In this section is taught, “Parents need to show they are interested in what their children do and express love… (p. 210). President Joseph F. Smith agreed:

More can be accomplished for good by unfeigned love, in bringing up a child, than by any other influence that can be brought to bear upon it… I know that is true; and this principle obtains in every condition of life. … Govern the children, not by passion, by bitter words or scolding, but by affection and by winning their confidence.

If you can only convince your children that you love them, that your soul goes out to them for their good, that you are their truest friend, they, in turn, will place confidence in you and will love you and seek to do your bidding and to carry out your wishes with your love. But if you are selfish, unkindly to them, and if they are not confident that they have your entire affection, they will be selfish, and will not care whether they please you or carry out your wishes or not, and the result will be that they will grow wayward, thoughtless and careless (Teachings of the Presidents of the Church: Joseph F. Smith, 299).

President Lee shared a wonderful example of expressing love:

I had an experience that taught me something as a grandfather.
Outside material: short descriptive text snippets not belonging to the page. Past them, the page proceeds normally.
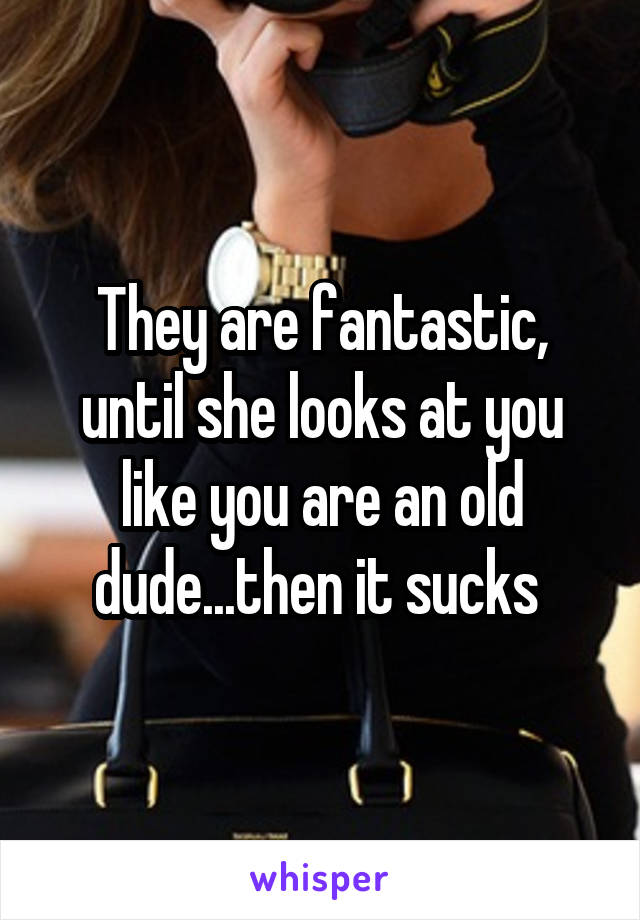 They are fantastic, until she looks at you like you are an old dude...then it sucks 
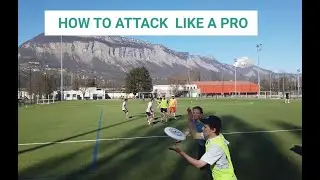 How to Attack like a Pro in Ultimate Frisbee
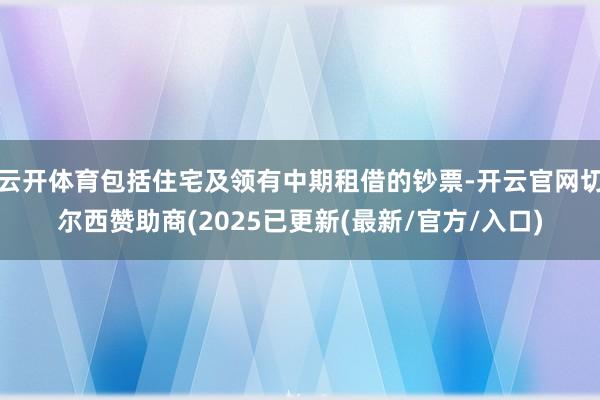 云开体育包括住宅及领有中期租借的钞票-开云官网切尔西赞助商(2025已更新(最新/官方/入口)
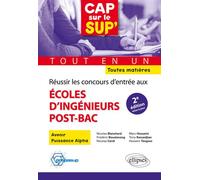 Réussir les concours d'entrée aux écoles d'ingénieurs post-bac • tout en un • toutes matières - 2e édition mise à jour - Nicolas Blanchard - Ellipses - broché - Scolaire / Universitaire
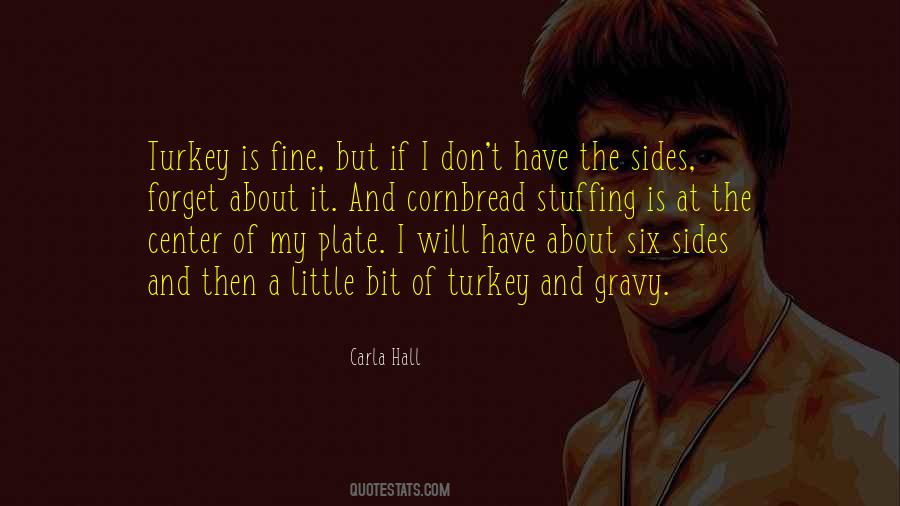 Quotes About A Turkey #1008156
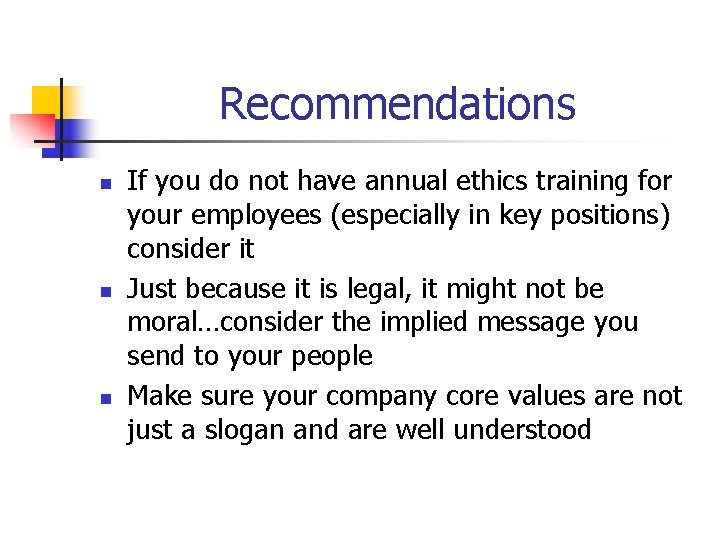 Recommendations n n n If you do not have annual ethics training for your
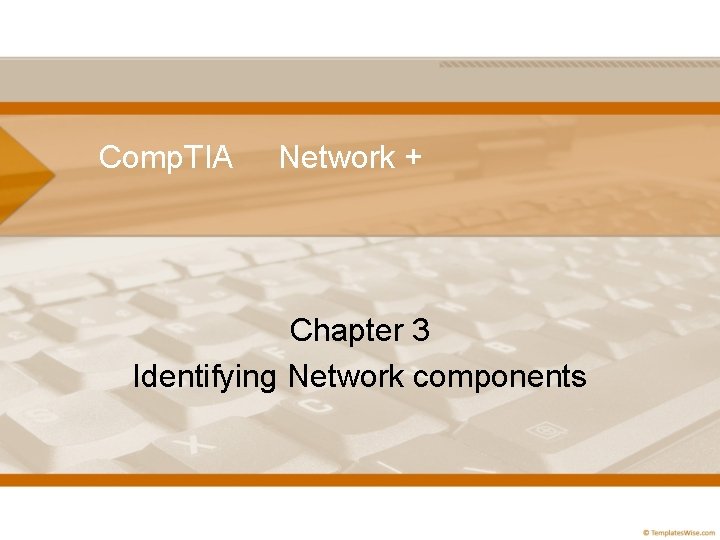 Comp. TIA Network + Chapter 3 Identifying Network components 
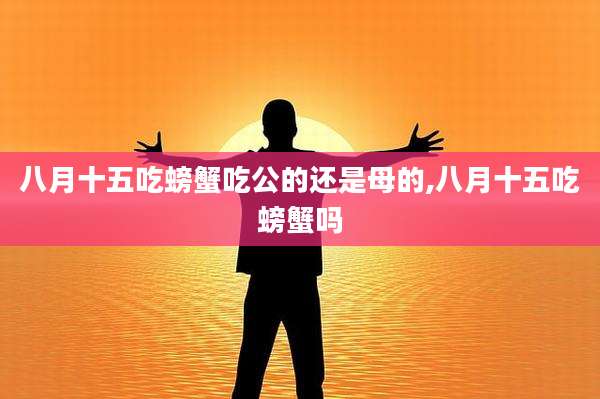 八月十五吃螃蟹吃公的还是母的,八月十五吃螃蟹吗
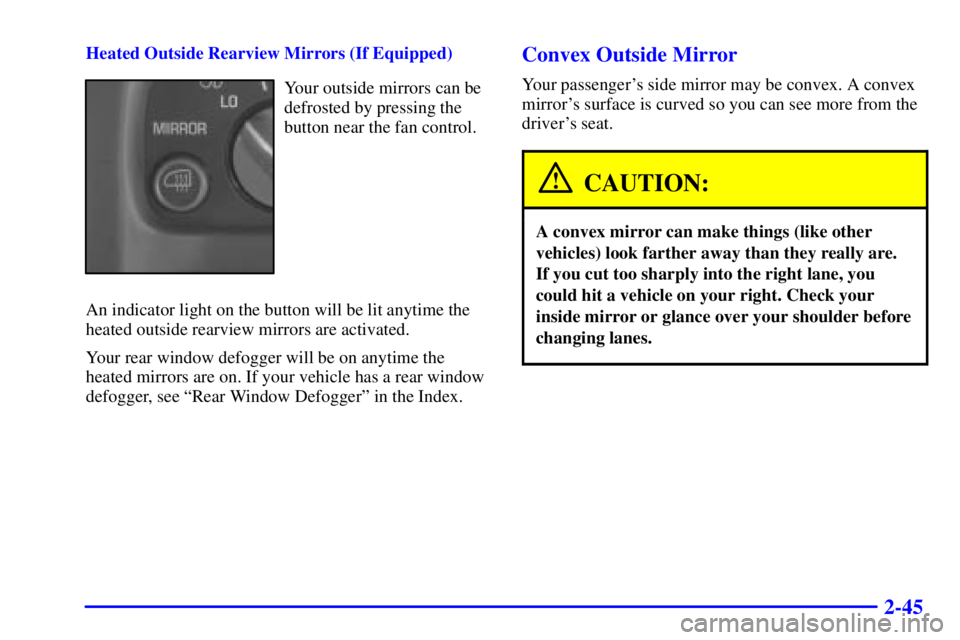 GMC SAVANA 2001  Owners Manual 2-45
Heated Outside Rearview Mirrors (If Equipped)
Your outside mirrors can be
defrosted by pressing the
button near the fan control.
An indicator light on the button will be lit anytime the
heated ou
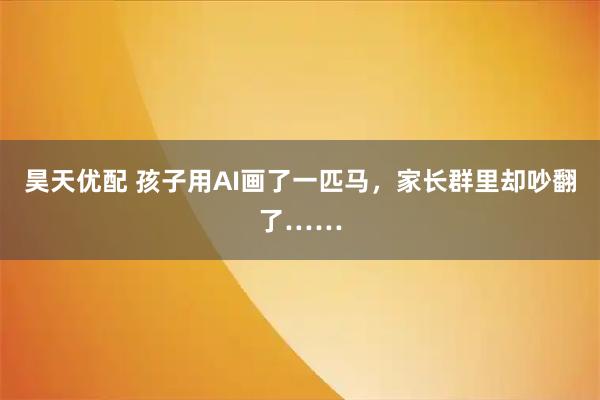 昊天优配 孩子用AI画了一匹马，家长群里却吵翻了……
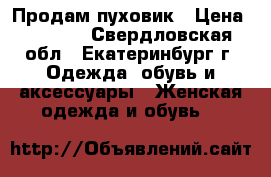 Продам пуховик › Цена ­ 1 000 - Свердловская обл., Екатеринбург г. Одежда, обувь и аксессуары » Женская одежда и обувь   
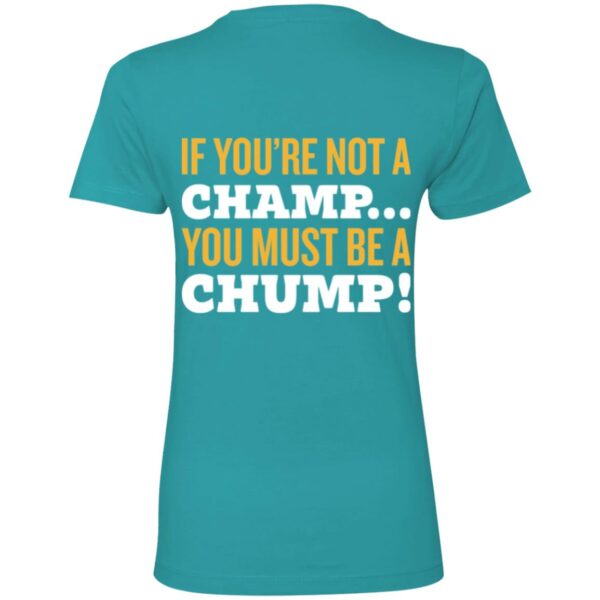 If You're Not A Champ - NL3900 Ladies' Boyfriend T-Shirt - Image 12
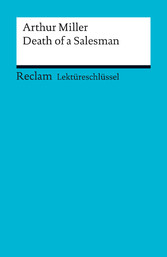 Lektüreschlüssel. Arthur Miller: Death of a Salesman - Reclam Lektüreschlüssel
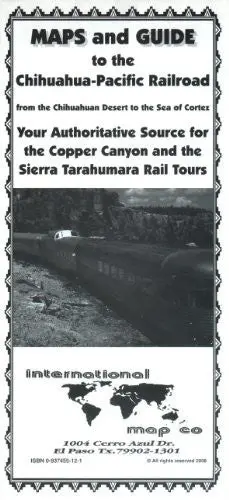 Mexico: Chihuahua-Pacific Railroad Maps And Guide International Map Company 1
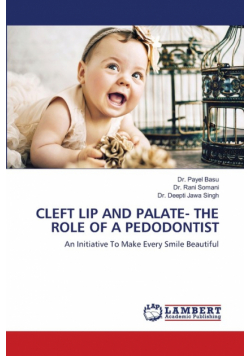 Cleft Lip And Palate- The Role Of A Pedodontist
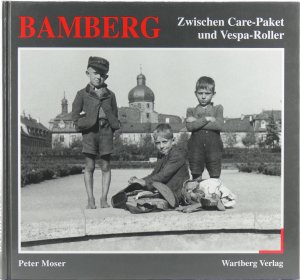 Bamberg. Zwischen Care-Paket und Vespa-Roller.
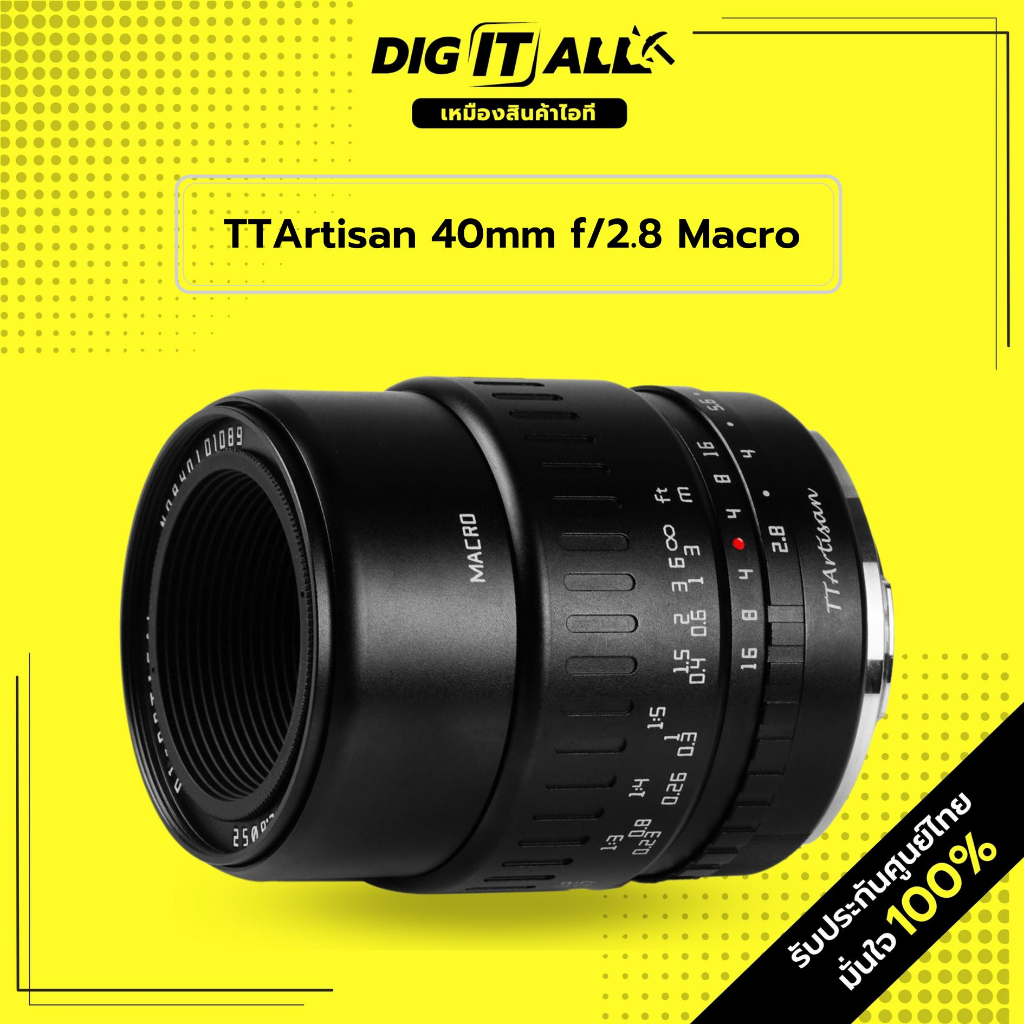 TTArtisan 40mm f/2.8 Macro Lens รับประกันศูนย์ 2ปี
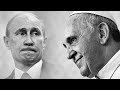 📌 Putin Pidió La Consagración De Rusia y El Papa Dijo No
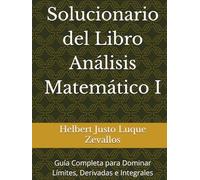 Solucionario del Libro Análisis Matemático I: Guía Completa para Dominar Límites, Derivadas e Integrales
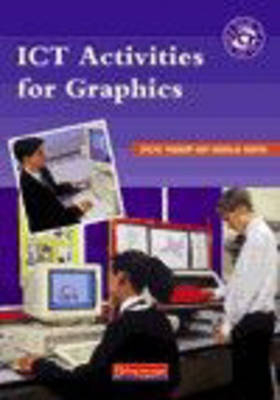 ICT Activities for Graphics: 5-Pack + Licence Upgrade - S. Turner, C. Travis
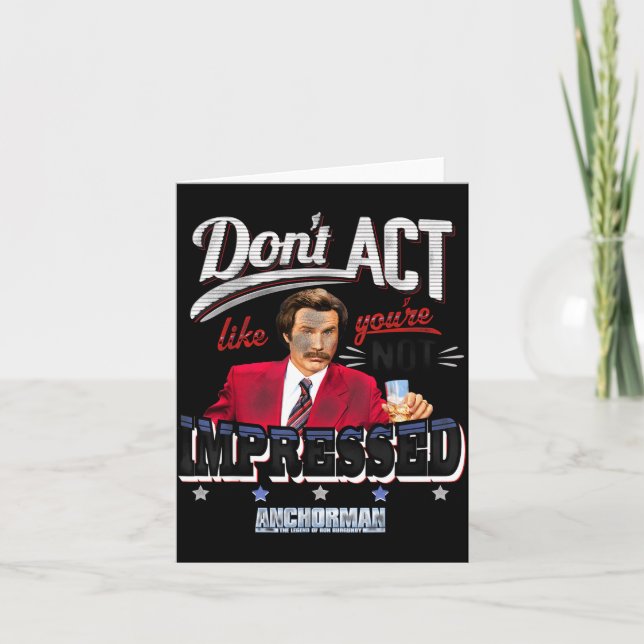 Anchorman Don't Act Like You're Not Impressed  Card (Front)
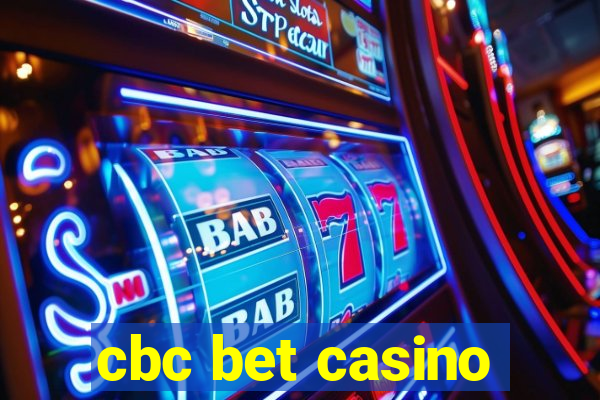 cbc bet casino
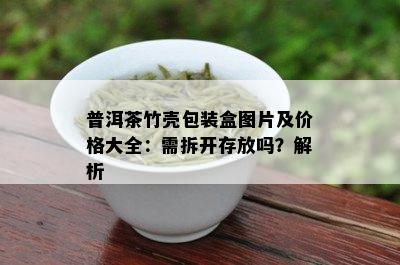 普洱茶竹壳包装盒图片及价格大全：需拆开存放吗？解析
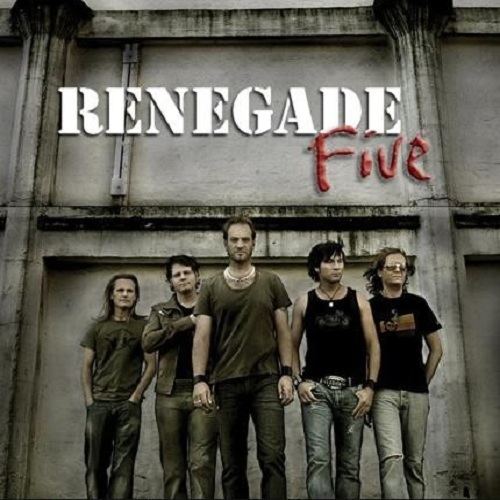Renegade Five Renegade Five 20092012 Hard Rock Download for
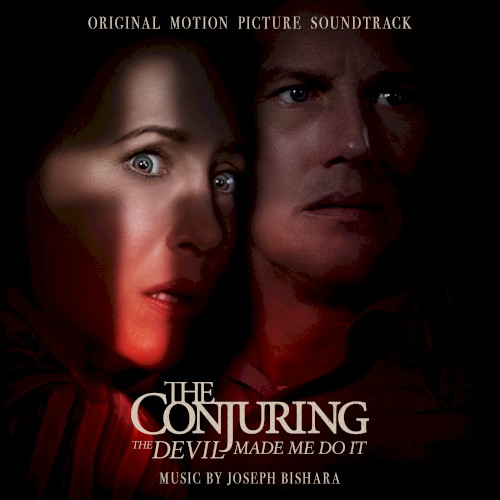 The Conjuring: The Devil Made Me Do It (Original Motion Picture Soundtrack)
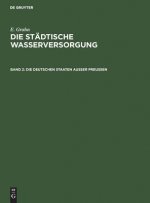 Die Stadtische Wasserversorgung Im Deutschen Reiche, Sowie in Einigen Nachbarlandern, Band. 2: Die Deutschen Staaten Ausser Preussen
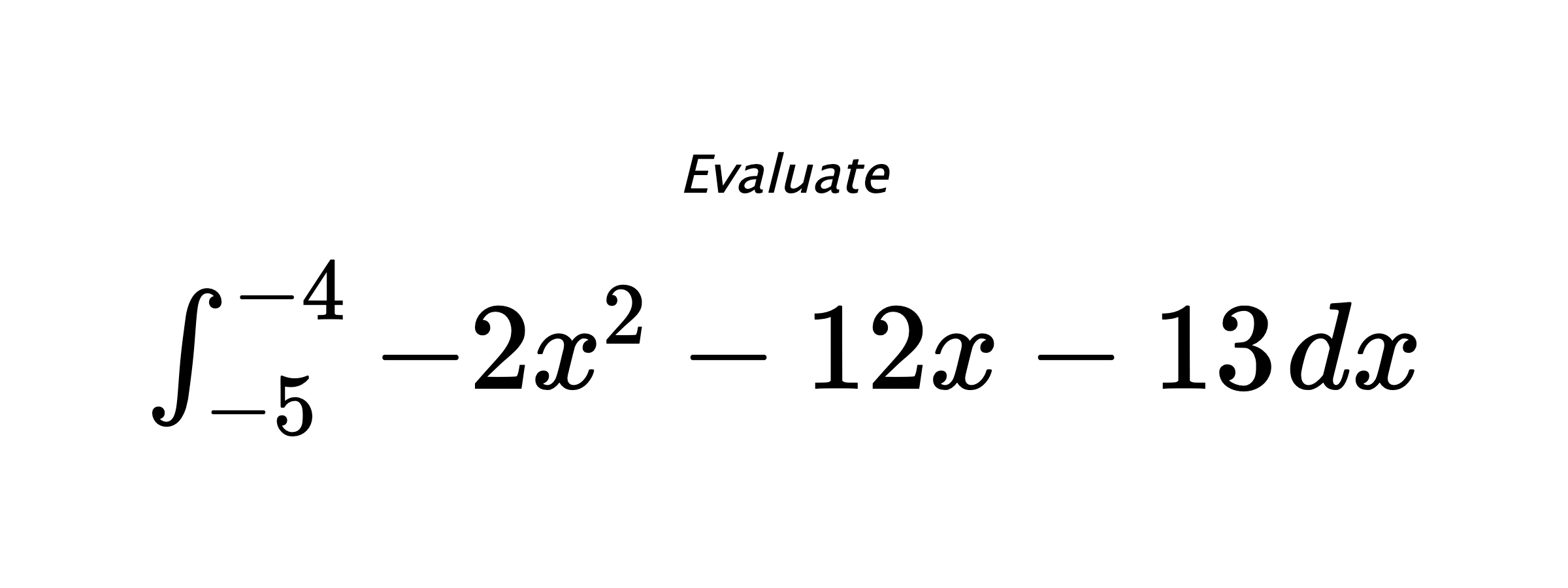 Evaluate $ \int_{-5}^{-4} -2x^2-12x-13 \hspace{0.2cm} dx $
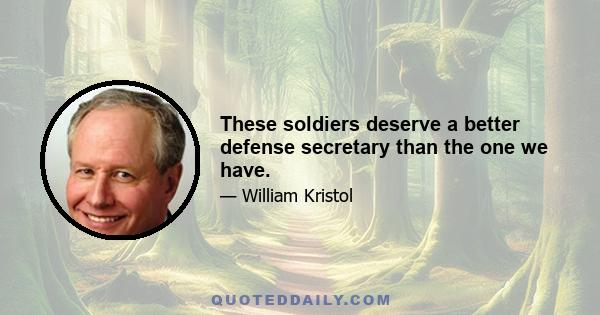 These soldiers deserve a better defense secretary than the one we have.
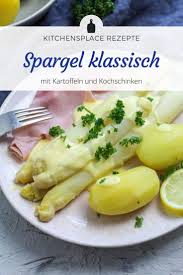 Spargel Klassisch Kitchensplace Rezept In 2020 Rezepte Spargel Spargel Rezepte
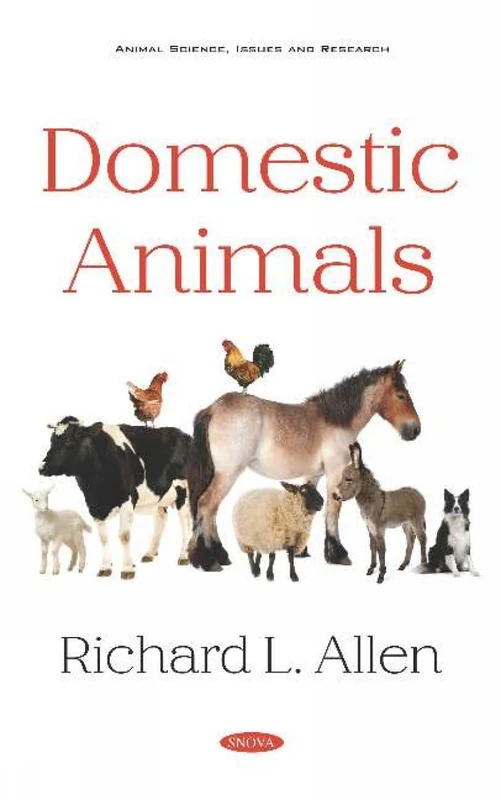 Domestic Animals - History and American Animal Husbandry Book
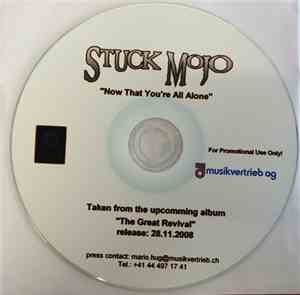 Stuck Mojo - Now That You're All Alone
It was the night of [a Church] dance festival up at the stadium, and my daughter’s two oldest … were giving her a lot of bad time, as she called it. So I said, “How would you like it if I take your two boys up to the stadium to the dance festival?”

She said, “Oh, Daddy, if you’d do it, I’d be so happy.”

I didn’t know what I was getting into. … As that spectacle began, I didn’t know there was so much difference between a seven-year-old and a five-year-old. The seven-year-old was entranced by that spectacle down on the football field. But that five-year-old, his attention span was pretty short. He’d squirm and then he’d want to go and get a hot dog and he’d want to go get a drink and he’d want to go to the toilet, and he was just on the move all the time. And here I was sitting in the front with the General Authorities, and they were smiling as they saw this little show going on and as I tried to pull my grandson here and there, trying to make him behave.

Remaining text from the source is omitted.